Kubernetes Podcast from Google: Episode 40 - GKE Usage Metering, with Madhu Yennamani

#40 February 12, 2019

GKE Usage Metering, with Madhu Yennamani

Hosts: Craig Box, Adam Glick

The new GKE Usage Metering feature lets you find out how much your tenants or applications cost to run. Your hosts talk to Madhu Yennamani, product manager at Google Cloud, about usage metering, and how new GKE features are implemented.

Do you have something cool to share? Some questions? Let us know:

Chatter of the Week

News of the week

Links from the interview

Transcript

Show full transcript

CRAIG BOX: Hi, and welcome to the Kubernetes Podcast from Google. I'm Craig Box.

ADAM GLICK: And I'm Adam Glick.

[MUSIC PLAYING]

CRAIG BOX: Another one of those rare weeks where we're in the same room.

ADAM GLICK: It is indeed, which was a little bit of a challenge to get here.
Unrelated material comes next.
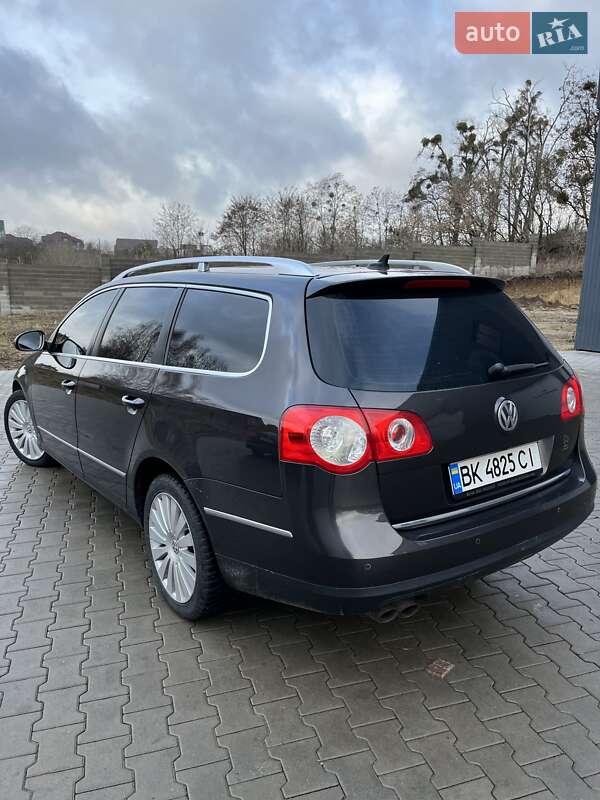 Универсал Volkswagen Passat 2010 в Сарнах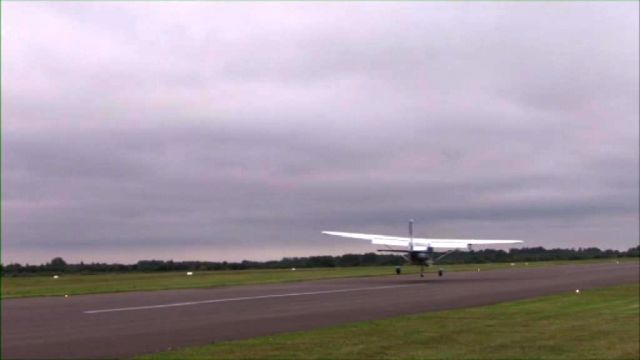 — — - Landing in a very strong crosswind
But I'm glad that I made it down to sunny California today.

CRAIG BOX: Yes. I see you had a snow day last week, which we put the picture in the show notes. But it turns out that it's all got a little bit worse since then.

ADAM GLICK: It has continued and continued, yes. It was amazing. I did all the shoveling at the house, which then just led to me waking up this morning and realizing that it all just needs to be shoveled again.

CRAIG BOX: That's the magic of snow. I lived in Canada for, what we call, two winters-- for two years, which, basically, there's snow on the ground from October through, basically, June. So I'm at least roughly familiar with that. The weather in London, actually, took a turn for the worse the day after we left, and there was a great video of a plane-- I must say it's a perfectly normal maneuver for a plane that pilots do train for.

But a 787 coming into land, and basically getting wheels down saying, no, it's a little bit too windy here. I'm going to take back off again and go around for another go. And that was the day after we left, so really quite glad we missed that.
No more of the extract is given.